Gebhard Ullmann / Steve Swell / Hilliard Greene / Barry Altschul – We’re Playing in Here? [No Business Records NBLP 149]; Kirk Knuffke & Michael Bisio – For You I Don’t Want to Go [No Business Records NBCD 158] – Avant Music News

“We’re playing in here?” is something every improvising or experimental musician must’ve said at some point, given the all-too-often unavoidably shoestring-run venues that tend to host the music. It’s also the name of an album of impeccable contemporary acoustic jazz by the quartet of saxophonist/bass clarinetist Gebhard Ullman, trombonist Steve Swell, double bassist Hilliard Greene, and drummer Barry Altschul.

The album’s five tracks, all but one of them written by Swell, strike a balance between free flights of solo improvisation and tightly scored melodies for ensemble. The post-bop swing of the opener Planet Hopping on a Thursday Afternoon leads to La Mariposa, a feature for Ullmann’s vocal-like acrobatics on bass clarinet. Like Ullmann, Hilliard on this track reaches into his own instrument’s upper register, which he plays with a beautifully clear articulation. Sketch #4, the third track, is like the first track driven by Altschul’s propulsive swing, but at a higher velocity. The title track moves from an opening gambit of extended technique for trombone—air notes and other unpitched noises—into a loosely structured, collective polyphonic improvisation that culminates in an unexpected unison melody. The final piece, Ullmann’s Kleine Figuren #1, is a high-energy piece that includes a long-lined melody and a solo for Altschul. Superb music from four superb musicians.

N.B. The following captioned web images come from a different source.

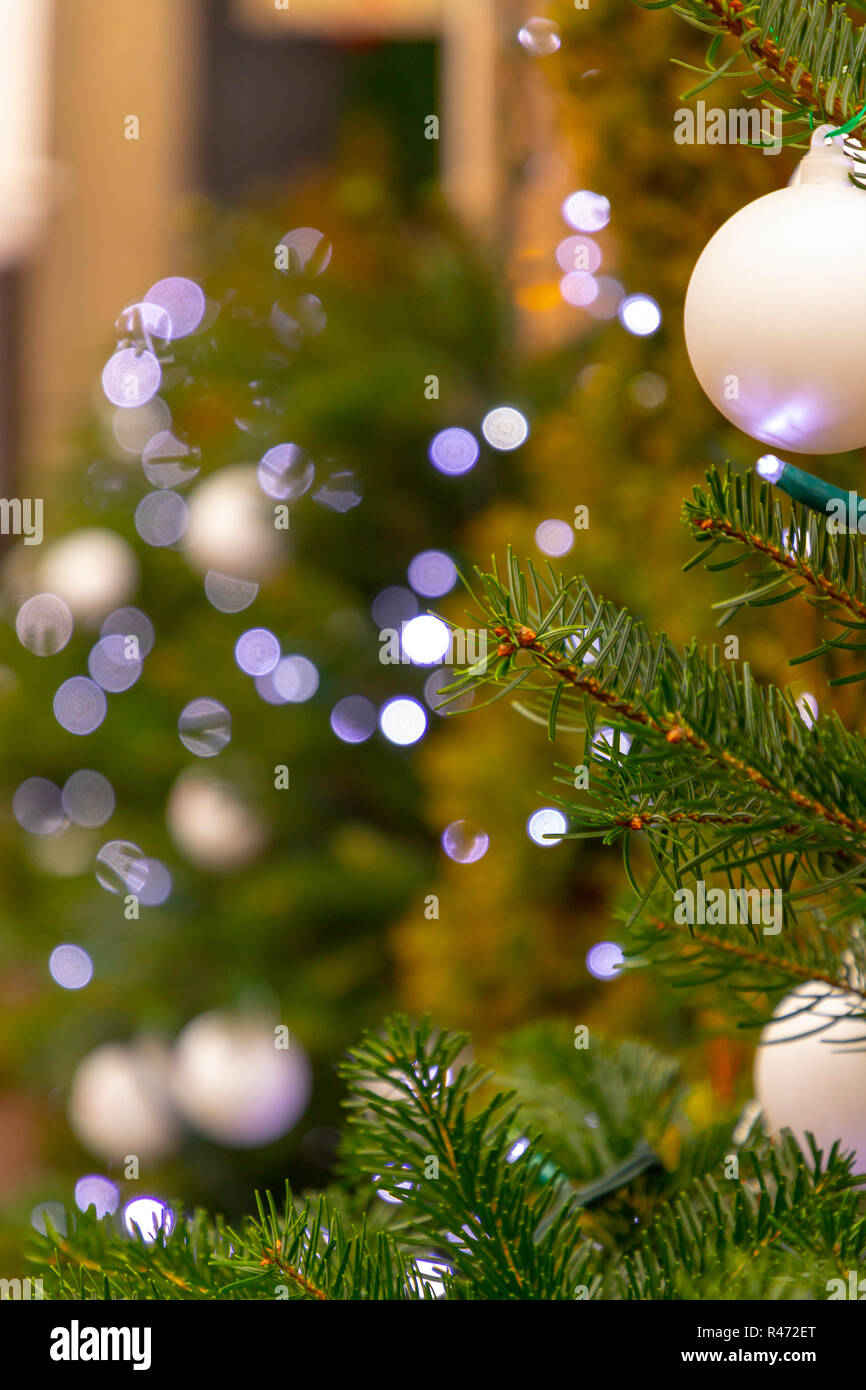 Christmas tree with white lights and wight balls Stock Photo Alamy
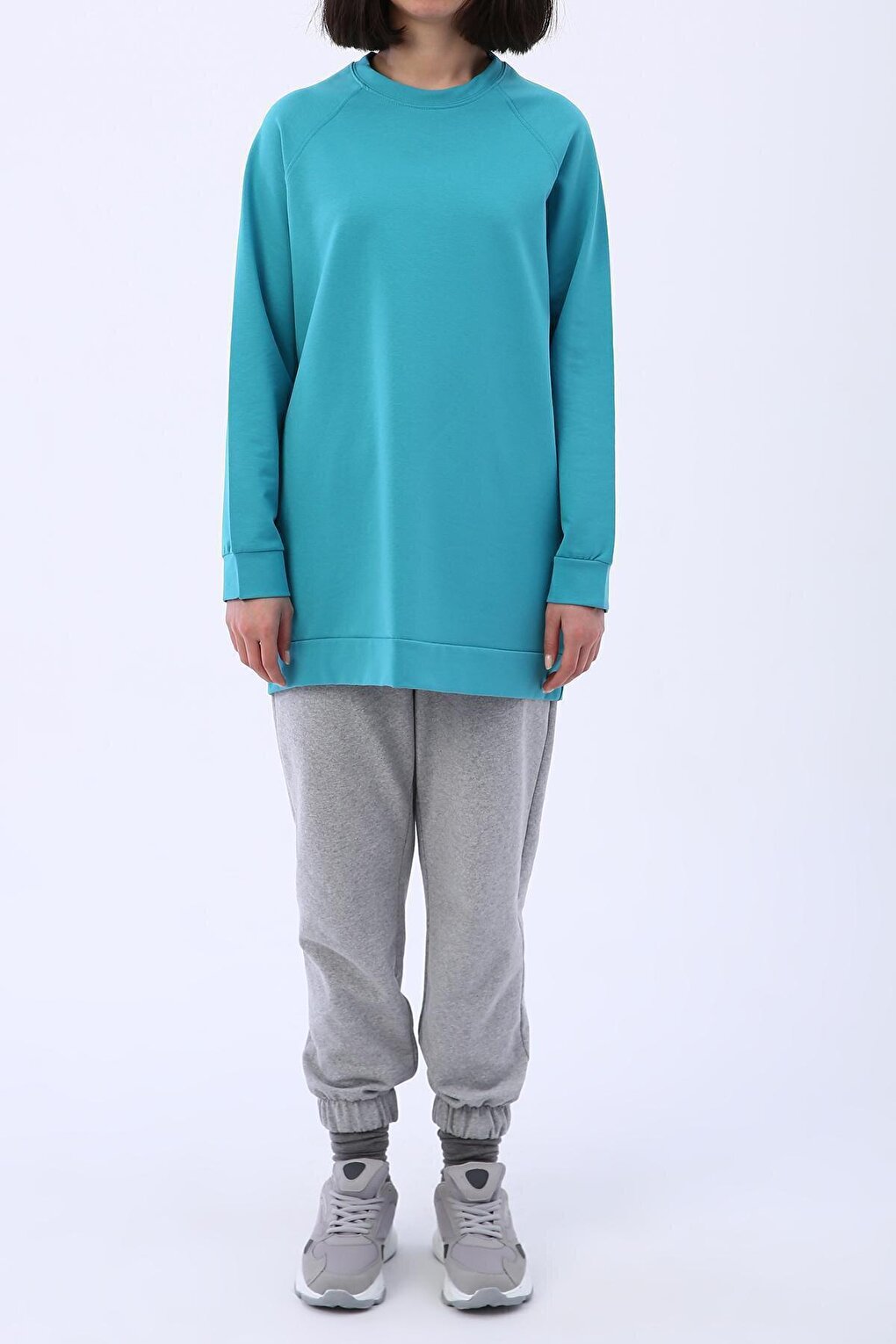 Aqua Crew Neck Raglan Sleeve Sweatshirt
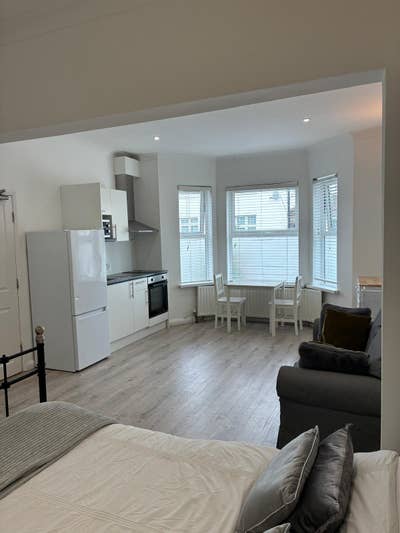 Lovely, spacious Self-Contained Studio (10CR1) Main Photo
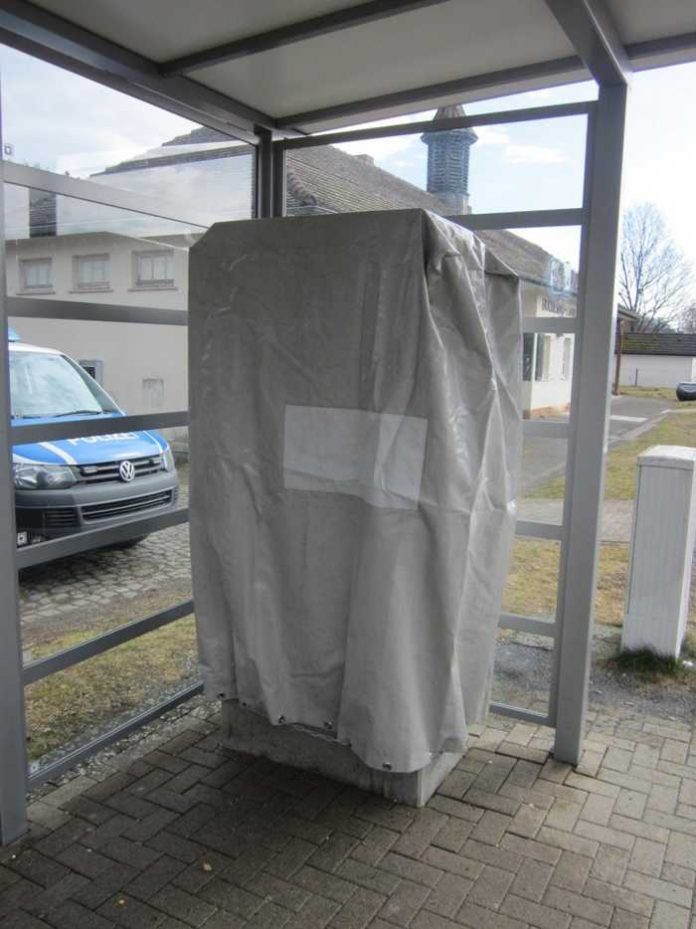 Beschädigter Fahrkartenautomat am Bahnhaltepunkt Buchenau vorübergehend außer Betrieb; Quelle: Bundespolizei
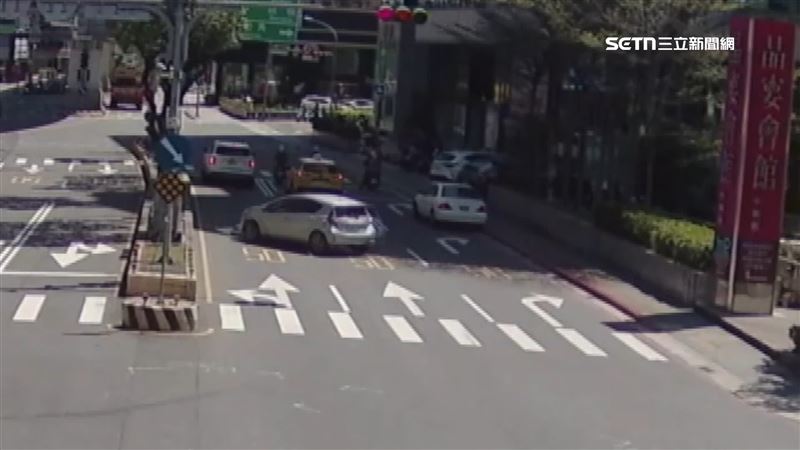 男子毒駕租共享汽車，自撞分隔島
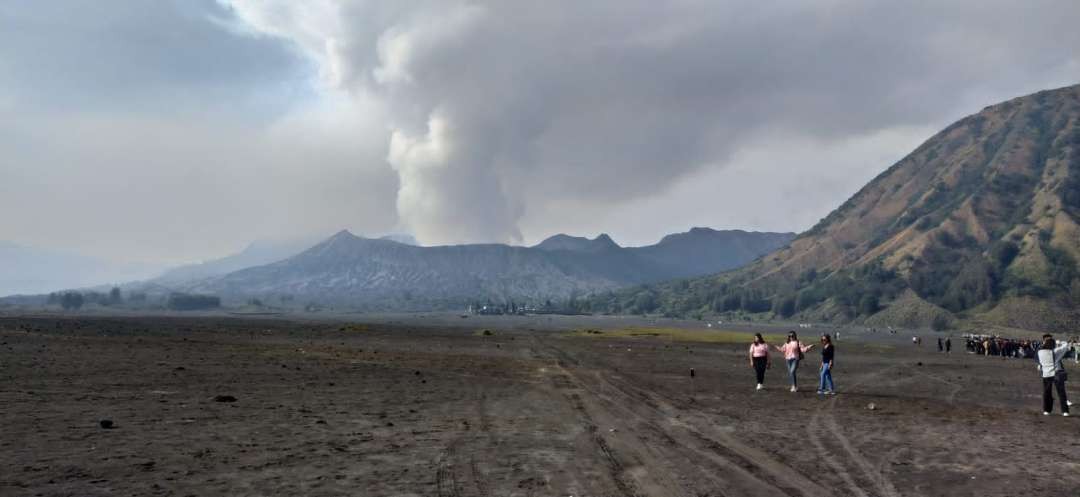 Gunung Bromo mengalami peningkatan aktivitas vulkanisnya sejak, Rabu, 13 Desember 2023. (Foto: Komunitas Sahabat Gunung).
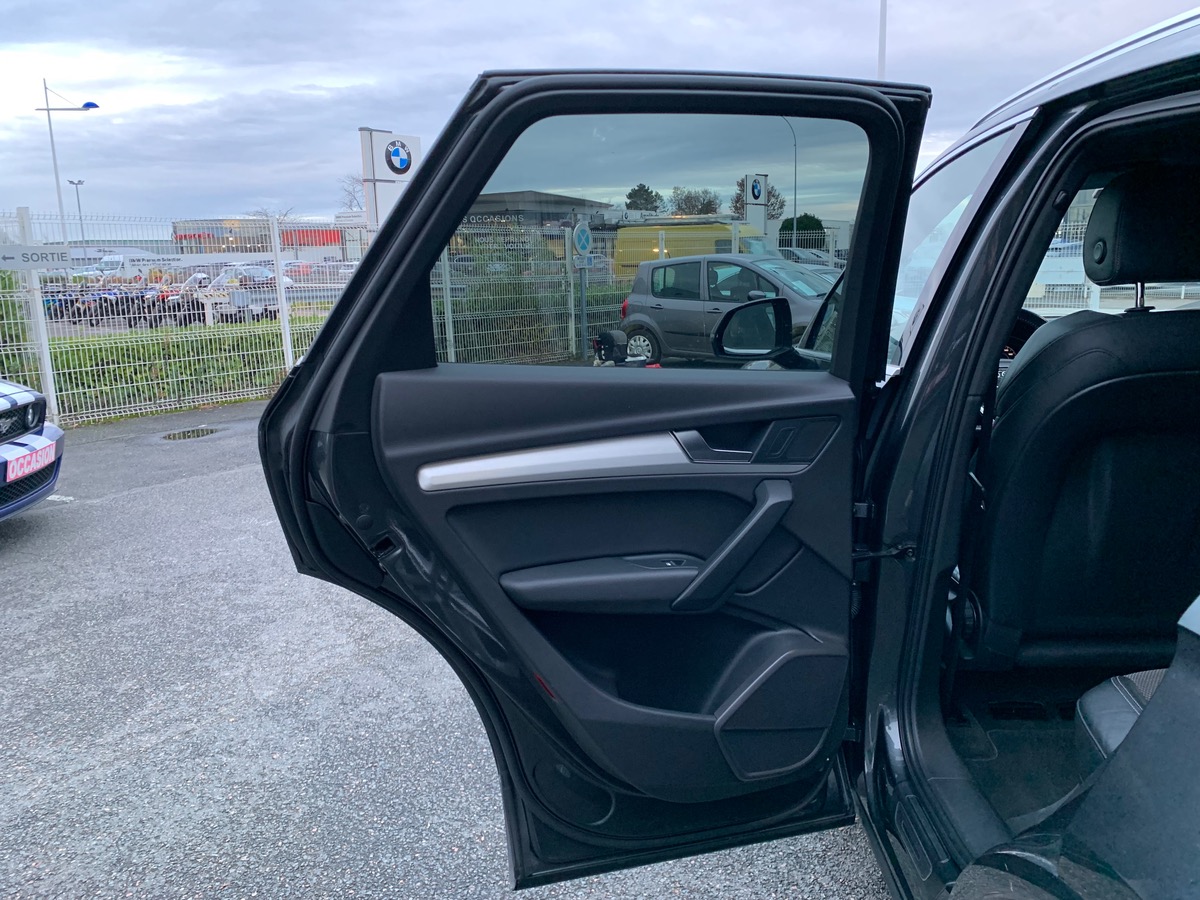 Audi Q5 190 ch | S-line | Virtual Cockpit | Caméra de recul | Coffre électrique | Attelage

No Business has another release of high-quality acoustic jazz with For You I Don’t Want to Go, a duet of cornetist Kirk Knuffke and double bassist Michael Bisio. The recording consists of a single 37 minute-long track that flows seamlessly from a free improvisation to Knuffe’s composition For You I Don’t Want to Go, back to a free improvisation and then into Bisio’s composition Sea Vamp. The playing is energetic and thoughtful, moving the music along with a momentum that never lags. Knuffke and Bisio complement each other well over the course of the performance’s many evolutions, with Bisio’s rapid pizzicato put on particularly prominent display.